-------- Dataset
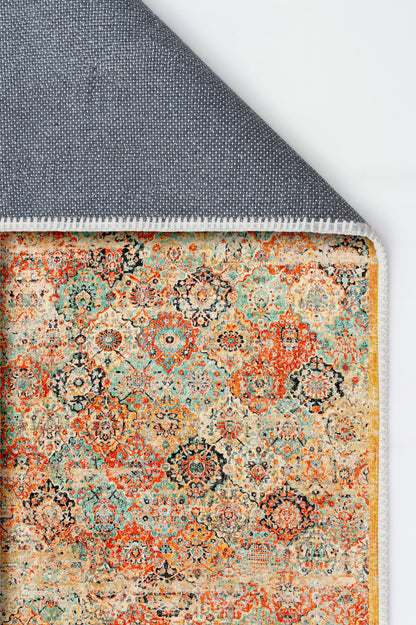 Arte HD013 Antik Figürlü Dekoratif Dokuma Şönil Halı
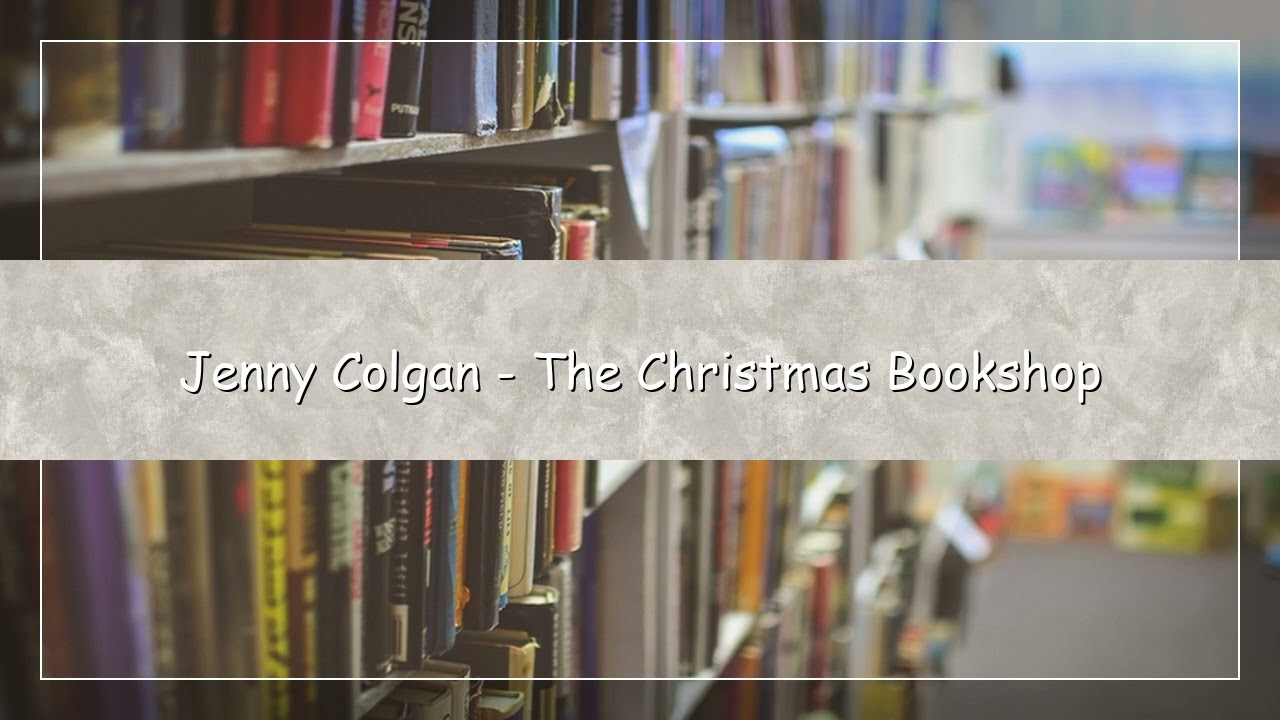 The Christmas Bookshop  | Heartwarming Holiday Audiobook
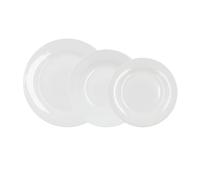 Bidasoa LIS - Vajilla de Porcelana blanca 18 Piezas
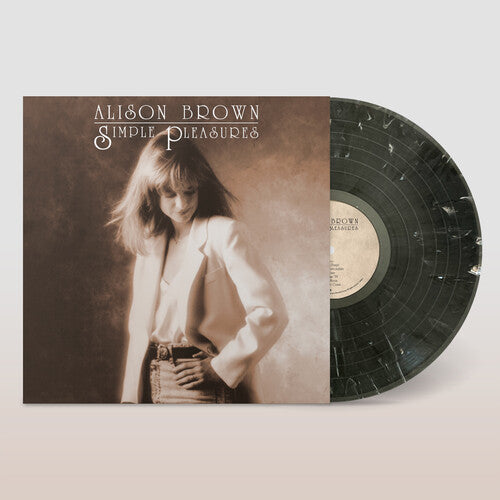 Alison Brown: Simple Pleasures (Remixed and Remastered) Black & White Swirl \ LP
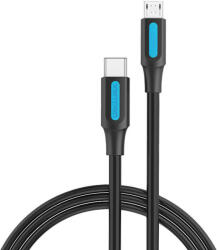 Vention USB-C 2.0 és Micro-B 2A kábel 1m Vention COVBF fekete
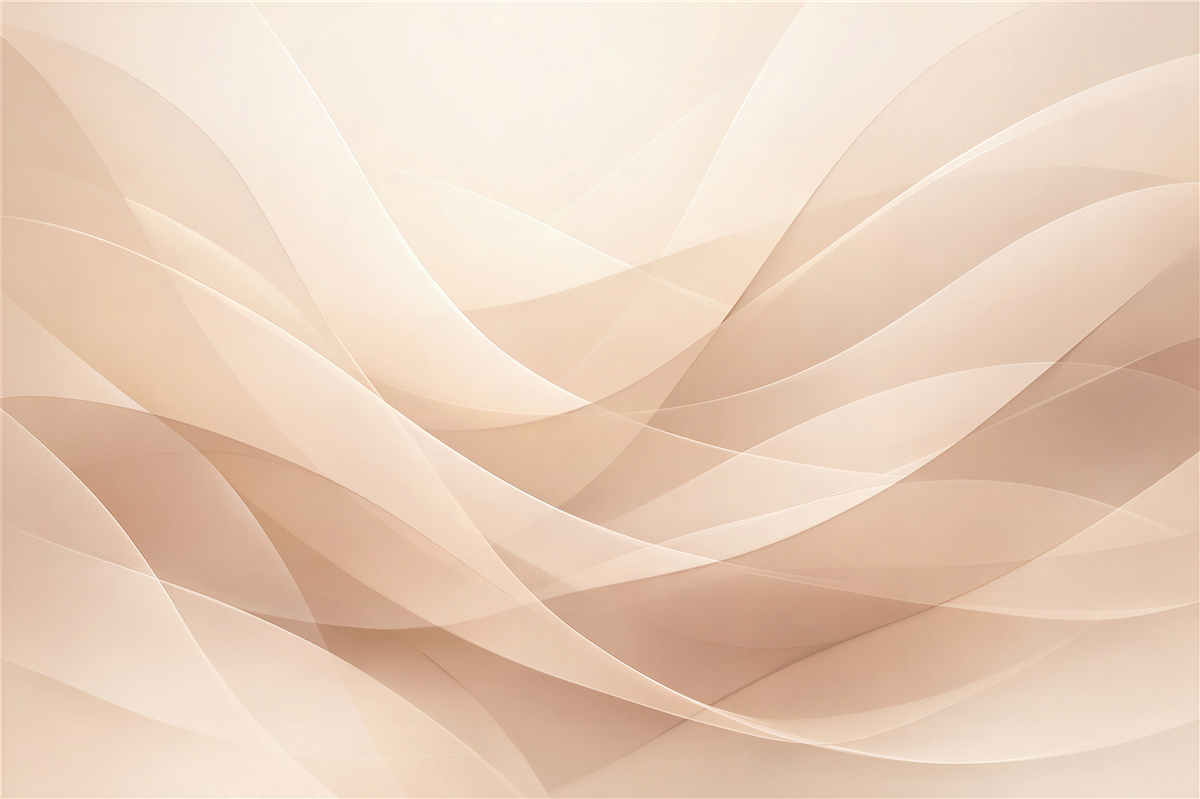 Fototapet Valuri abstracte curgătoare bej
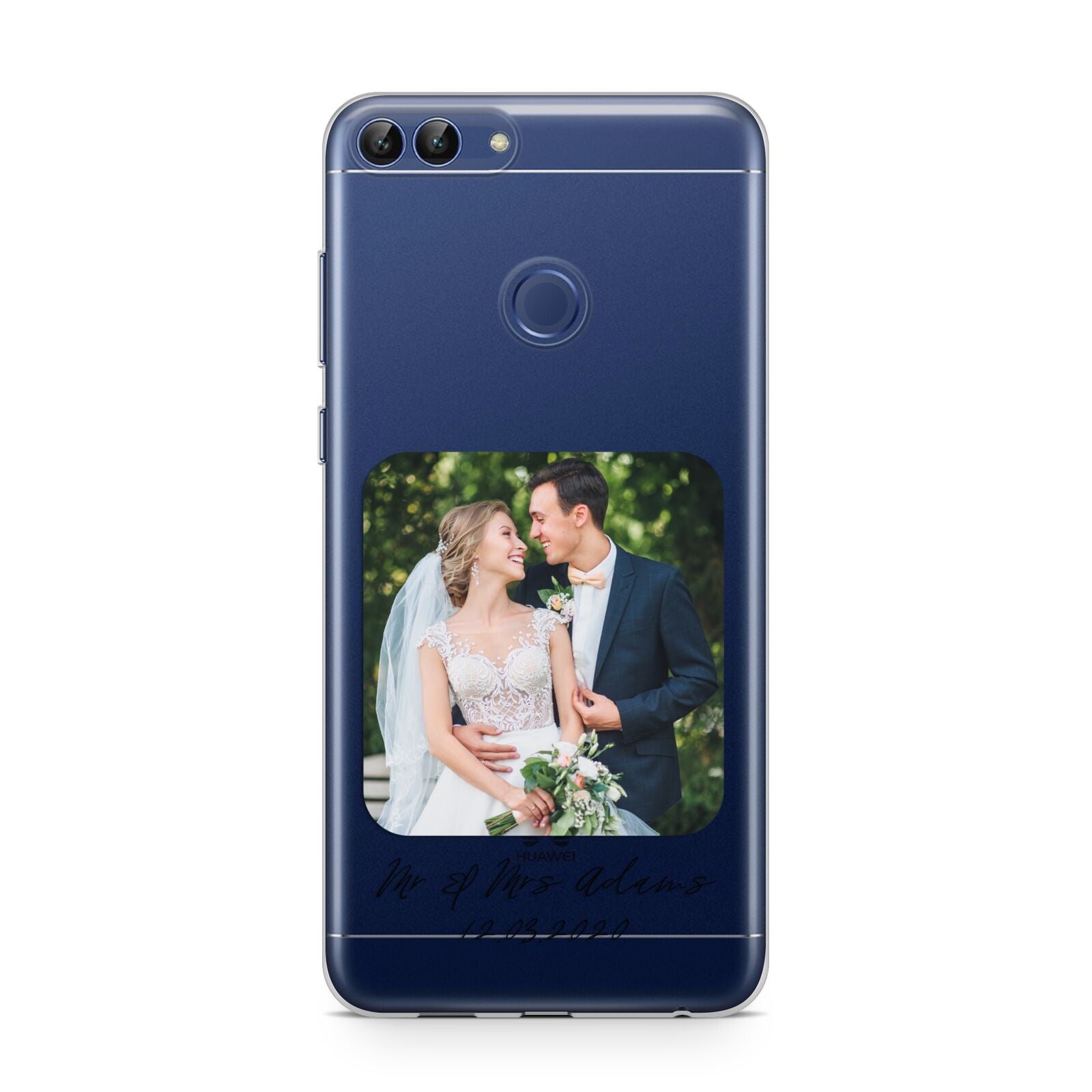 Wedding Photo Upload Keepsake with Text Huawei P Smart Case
----------------
> Exercise
After removing the pictures, restate the whole listing above word for word.

> Answer to the problem
 Arte HD013 Antik Figürlü Dekoratif Dokuma Şönil Halı
 The Christmas Bookshop  | Heartwarming Holiday Audiobook
 Bidasoa LIS - Vajilla de Porcelana blanca 18 Piezas
 Alison Brown: Simple Pleasures (Remixed and Remastered) Black & White Swirl \ LP
 Vention USB-C 2.0 és Micro-B 2A kábel 1m Vention COVBF fekete
 Fototapet Valuri abstracte curgătoare bej
 Wedding Photo Upload Keepsake with Text Huawei P Smart Case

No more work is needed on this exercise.